Material provided —
··········

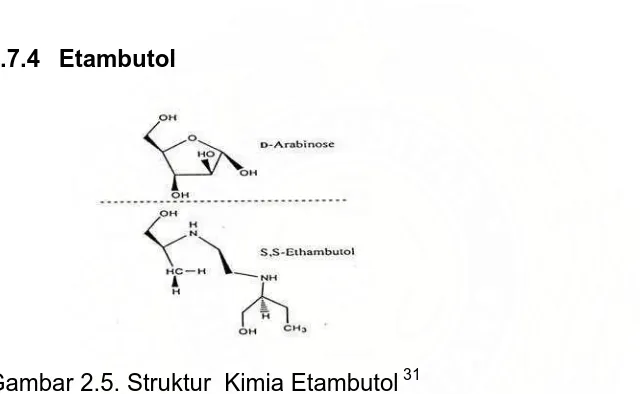 Gambar 2.5. Struktur  Kimia Etambutol 31 
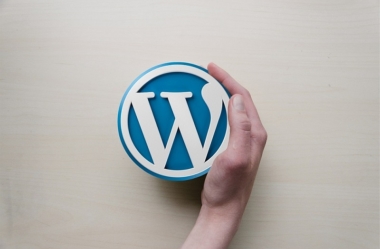 O que é WordPress: saiba como funciona e por onde começar
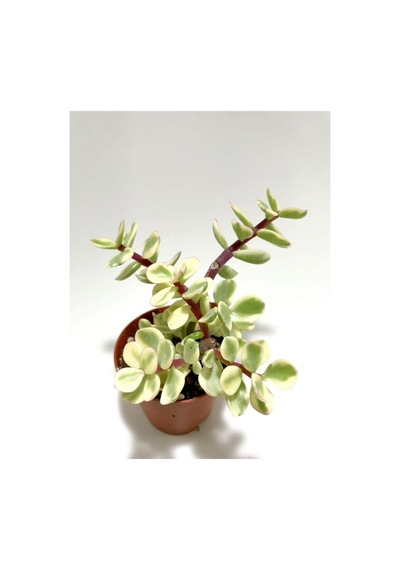 Portulaca Afra Variegata Alacalı Fil Azığı Sukulent Bitki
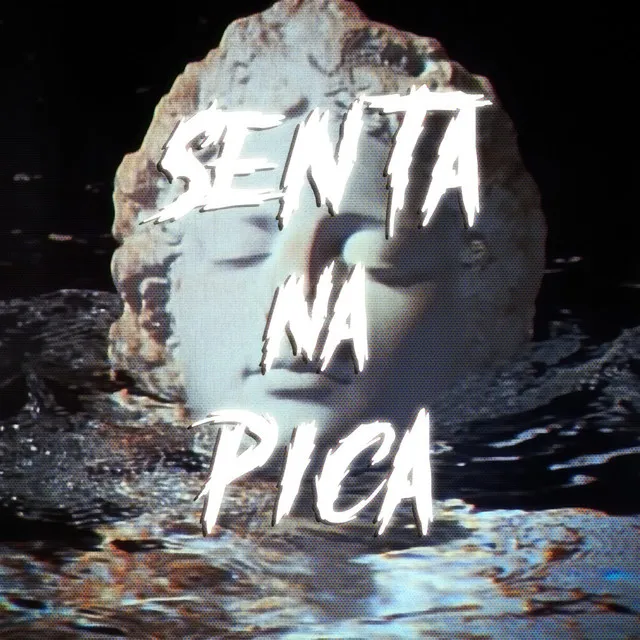 SENTA NA PICA - Slowed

··········

Exercise directions — All lines from the one containing "O que é WordPress: saiba" through the end of the data are to be restated exactly, with nothing else and without the pictures.

Task answer —
 O que é WordPress: saiba como funciona e por onde começar
 Portulaca Afra Variegata Alacalı Fil Azığı Sukulent Bitki
 SENTA NA PICA - Slowed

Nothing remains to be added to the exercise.